[EDITORS' NOTE: THIS PAGE CONTAINS HEADNOTES. HEADNOTES ARE NOT AN OFFICIAL PRODUCT OF THE COURT, THEREFORE THEY ARE NOT DISPLAYED.] *Page 661 Relator, Kay Kinsley, is seeking a writ of mandamus compelling respondents, the Berea Board of Education and its individual members (the "board"), to make available for inspection pursuant to R.C. 149.43, (1) settlement agreements entered into between the board and thirteen teachers and (2) other documents depicting, among other things, salary schedules and back-pay allowances for each of the thirteen teachers. For the following reasons we allow the writ of mandamus.

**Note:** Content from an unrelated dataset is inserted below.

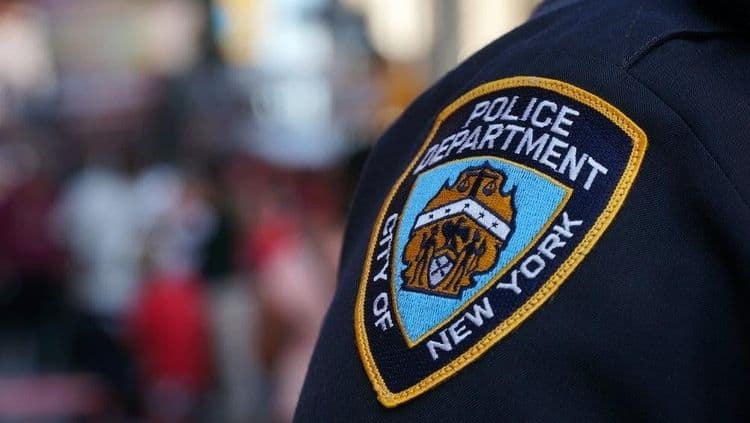 Dois policiais de Nova York são investigados por suposto sequestro de turista italiano. Reprodução: Gizmodo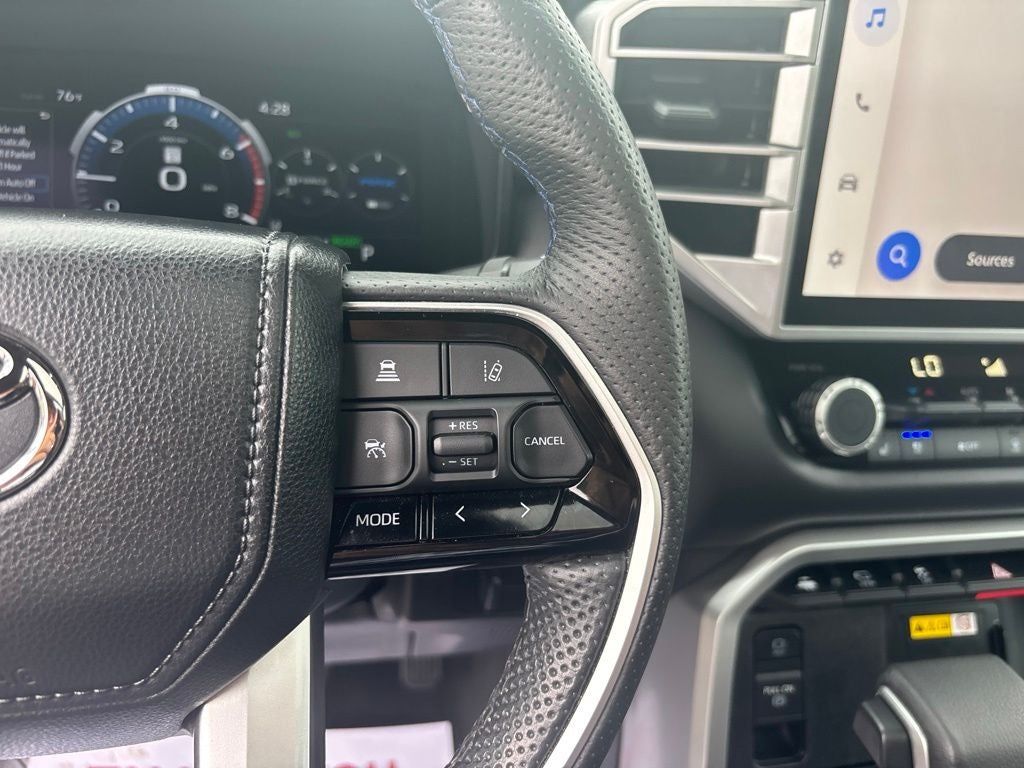 2023 Toyota Tundra Hybrid Platinum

On January 12, 1987, the board enacted a resolution which (1) authorized the superintendent, the director of personnel and employee relations and the board's attorneys to enter into agreements with thirteen teachers regarding back pay and placement on the school district salary schedules; (2) authorized the same parties to enter into a settlement agreement with one of the thirteen teachers to resolve issues related to an action filed by the teacher in the Cuyahoga County Court of Common Pleas; and (3) authorized the total payment of $21,050 pursuant to R.C. 121.22. Since January 1987, relator has sought to obtain copies of the agreements between the board and the teachers and copies of documents which would reveal the amount paid to each teacher, the formula used to determine the amount paid, the number of steps each teacher was raised on the salary schedule, the formula used to determine placement on the salary schedule, and any other purpose for which the January 12 resolution funds were used. The board provided a number of documents to relator, but relator claims she cannot discern from them the information sought. The board has not made the settlement agreements available.
On December 2, 1988, relator brought this mandamus action. Respondents filed a motion to dismiss which was converted to a motion for summary judgment in order to consider the attached evidentiary material. Respondents contend the settlement agreements are not subject to disclosure when R.C. 149.43, Ohio's public records law, is read in pari materia with R.C.121.22, Ohio's open meetings law, and are specifically exempted from disclosure as trial preparation records pursuant to R.C.149.43(A)(4). Respondents also argue the board members are not amenable to suit individually because the *Page 662 board acted collectively when it passed the resolution authorizing the settlement agreements. Relator moved for summary judgment, maintaining the requested documents are public records and therefore subject to inspection pursuant to R.C. 149.43. Relator also requested attorney fees and relies on the documents attached to respondents' motion to dismiss to demonstrate respondents' continuing course of bad faith noncompliance. Following an in camera inspection of the settlement agreements, we conclude the settlement agreements are public documents and not records exempted from disclosure and therefore grant a writ of mandamus compelling disclosure. Relator's request for attorney fees, however, is denied. Relator's motion for summary judgment is granted in part and denied in part and respondents' motion to dismiss is denied.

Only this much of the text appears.